Complete step-by-step solution:
We are given with the demand function $p=\dfrac{150}{{{q}^{2}}+2}-4$ . Let us find the revenue function. We know that revenue is the number of units sold times the price per unit.
$\Rightarrow TR\left( q \right)=pq$
Where p is the price per unit and q is the number of units. p is also the demand function.
$\begin{align}
  & \Rightarrow TR\left( q \right)=\left( \dfrac{150}{{{q}^{2}}+2}-4 \right)q \\
 & \Rightarrow TR\left( q \right)=\left( \dfrac{150-4{{q}^{2}}-8}{{{q}^{2}}+2} \right)q \\
 & \Rightarrow TR\left( q \right)=\left( \dfrac{150q-4{{q}^{3}}-8q}{{{q}^{2}}+2} \right) \\
\end{align}$
Now, let us find the marginal revenue.

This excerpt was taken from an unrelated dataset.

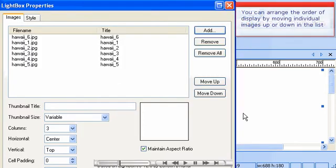You can arrange the order of display by moving individual images up or down in the list.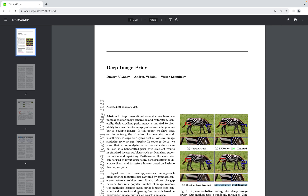Welcome! In this video we are going to implement the awesome Deep Image Prior paper. It's a really great paper because it allows us to do super resolution, inpainting, and denoising without training. For example, with this image of a zebra we want to upscale it to improve the resolution of that image.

We know that marginal revenue is change in total revenue divided by change in quantity.
$\begin{align}
  & \Rightarrow \text{Marginal Revenue}\left( \text{MR} \right)=\dfrac{\text{Change in total revenue}}{\text{Change in quantity}} \\
 & \Rightarrow MR=\dfrac{\Delta TR}{\Delta q} \\
\end{align}$
We have to differentiate $TR\left( q \right)$ with respect to q.
$\Rightarrow MR=\dfrac{d}{dq}\left( \dfrac{150q-4{{q}^{3}}-8q}{{{q}^{2}}+2} \right)$
We have to apply the quotient rule which is given by $\dfrac{d}{dx}\left( \dfrac{u}{v} \right)=\dfrac{v\dfrac{du}{dx}-u\dfrac{dv}{dx}}{{{v}^{2}}}$ .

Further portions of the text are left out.